The text was updated successfully, but these errors were encountered:

ben-manes · 2021-02-09T08:52:25Z

Refresh has implementation complexities and is therefore confusing. The behavior has been improved in the v3 branch as there are some unrelated flaws. If this would break compatibility, we can discuss semantics for that major version. That branch is getting close to being ready, but I can't promise when.

A good first step would be to write a reproducer and compare it to Guava. I don't see this case covered well by existing unit tests (RefreshAfterWriteTest, LoadingCacheTest#refresh_failure), so that would be a good addition.

From the code, I think the expectation is that it restores the old write timestamp and therefore should try to refresh again. If I understand you correctly, that is what you would want?

caffeine/caffeine/src/main/java/com/github/benmanes/caffeine/cache/BoundedLocalCache.java

Lines 1204 to 1211 in 9423f15

    
           refreshFuture.whenComplete((newValue, error) -> { 
        
             long loadTime = statsTicker().read() - startTime; 
        
             if (error != null) { 
        
               logger.log(Level.WARNING, "Exception thrown during refresh", error); 
        
               node.casWriteTime(refreshWriteTime, oldWriteTime); 
        
               statsCounter().recordLoadFailure(loadTime); 
        
               return; 
        
             }

In v3, the timestamp piggyback was replaced by a map for tracking. This allows for honoring write expiration if expired while in-flight and detect duplicate LoadingCache#refresh(key) calls to ignore. That again seems to expect to allow the refresh to retry by simply discarding it, and one would assume the next call would trigger it anew.

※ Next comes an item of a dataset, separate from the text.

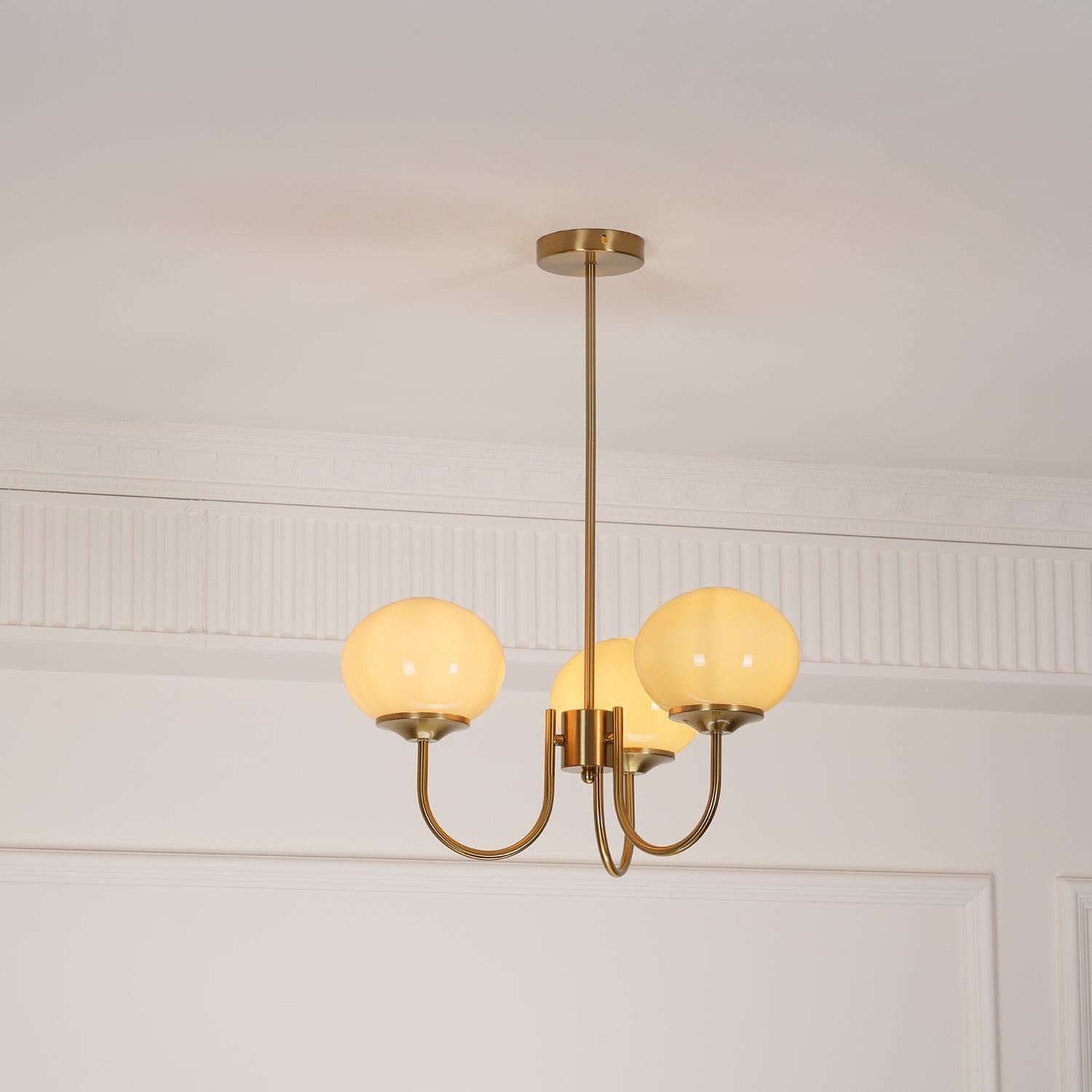 Glaskronleuchter mit rosa, weißen oder cremefarbenen Kugeln und goldenem oder verchromtem Rahmen, moderner Design-Kronleuchter mit 3 oder 5 Lichtquellen für Wohn- und Esszimmer | Restfield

caffeine/caffeine/src/main/java/com/github/benmanes/caffeine/cache/BoundedLocalCache.java

Lines 1258 to 1265 in 6da53e7

    
           refreshFuture[0].whenComplete((newValue, error) -> { 
        
             long loadTime = statsTicker().read() - startTime[0]; 
        
             if (error != null) { 
        
               logger.log(Level.WARNING, "Exception thrown during refresh", error); 
        
               refreshes().remove(keyReference, refreshFuture[0]); 
        
               statsCounter().recordLoadFailure(loadTime); 
        
               return; 
        
             }

I think if we can confirm behavior of v2 and Guava, then it will be easier to decide if it can be viewed as a bug fix or is an improvement. Discussing around a test case would also make sure we avoid ambiguities.

ben-manes · 2021-02-10T05:58:40Z

@musiKk, I wrote a simple unit test to verify my understandings and it seems to work as you wanted. Can you please provide a little clarity? When the reload fails, it restores back to the prior state and the next call triggers another reload.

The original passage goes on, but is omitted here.